Creative Time Summit
If there is a revolution in public practice happening today it is not in a conference at a private art college. Revolutions in practice can not be captured and summarized at a conference. The very notion of Creative Time Summit conference runs against “revolution,” “public,” or “practice” and mutes anything powerful or inspring about these terms, simply because it is curated and caters to a particular audience. In many ways it is a closed session. And the term “Revolutions in Public Practice” reads as hyperbole in the context of an art elite conference.
I was at a round table discussion at Conflux today and afterwards headed to a Lower East Side Bar to meet a bunch of friends who had been at the Creative Time Summit. Once there, I asked people how the Summit had been and it was the usual conference response… what’s the point? why are we here? it was the usual conference scenario… The usual reactionary responses to a conference. And my response to people is do not be duped by the catch terms “revolutions,” “public,” and “practice” as well as “summit” and “creative time.” This is my problem with such a title, it is not revolutionary or public, so please don’t misuse these terms; these terms have already lost so much meaning or power.

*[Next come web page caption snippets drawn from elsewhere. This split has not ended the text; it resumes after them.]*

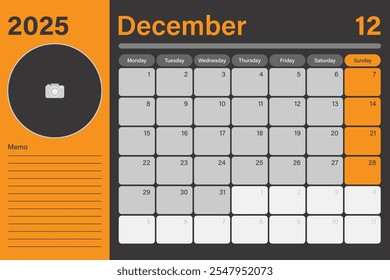 Calendário de planejador de mesa digital dezembro de 2025 com espaço vazio para adicionar imagem e linhas para memorando, design vetorial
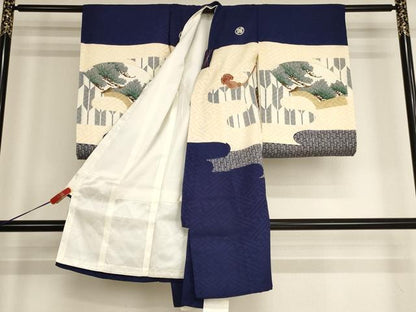 平和屋着物[]お宮参り　男の子　祝着　産着　初着　のしめ　駒刺繍　兜　地紙草木文　金彩　逸品　AABH2801ja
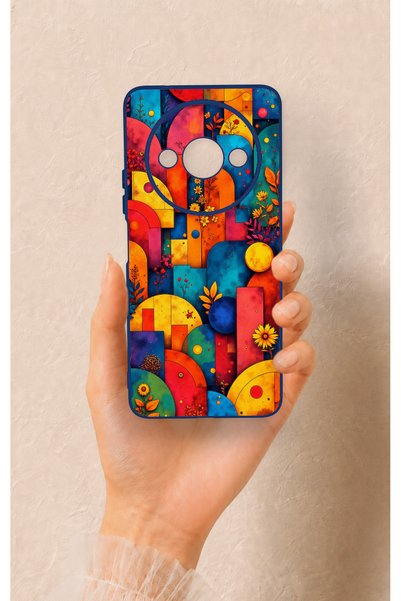 Vip Case Redmi A3 Compatible Colorful Geometric Flower Pattern Silicone Case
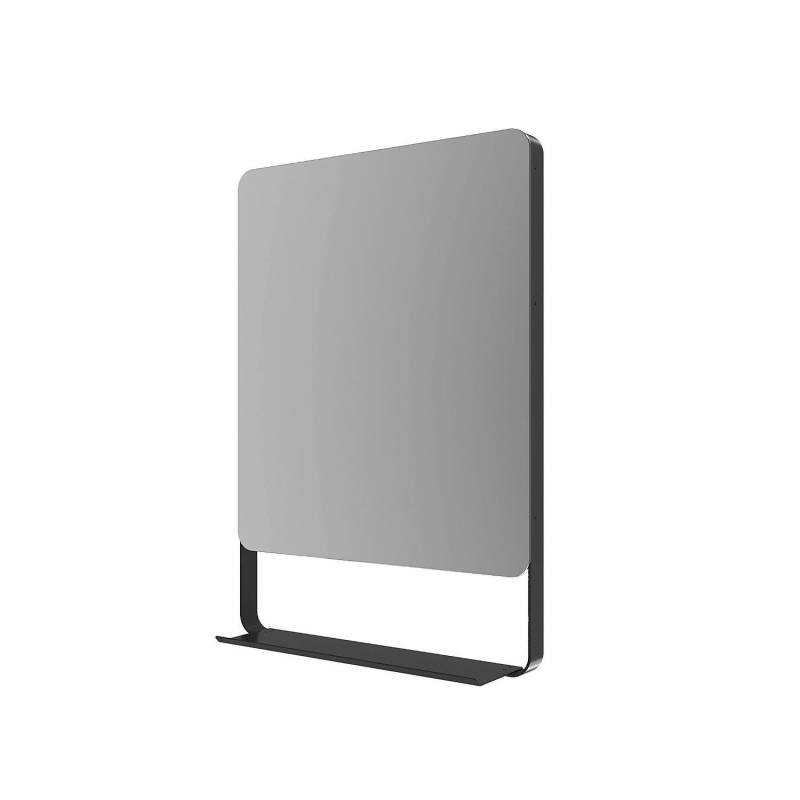 Aquabatos Badspiegel mit Ablage 60 x 80 cm Spiegel Wandspiegel Badezimmerspiegel Dekospiegel Wandmontage Schwarz matt Aluminiumrahmen Rechteckig von AQUABATOS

Most of the people I spoke with didn’t go the second day, rather they tuned in and out from home.
Creative Time Summit is however an exceptional moment to network and hear a summary of evocative creative ideas and briefly exchange perspectives with like-minded individuals.
Sadly people buy into “The Creative Time Summit” as if it is a revolutionary agent, but it’s just another conference, put on by another institution that is far removed from anything revolutionary – whatever meaning that term can carry in relation to contemporary art that is safely nested in Western networks of capital.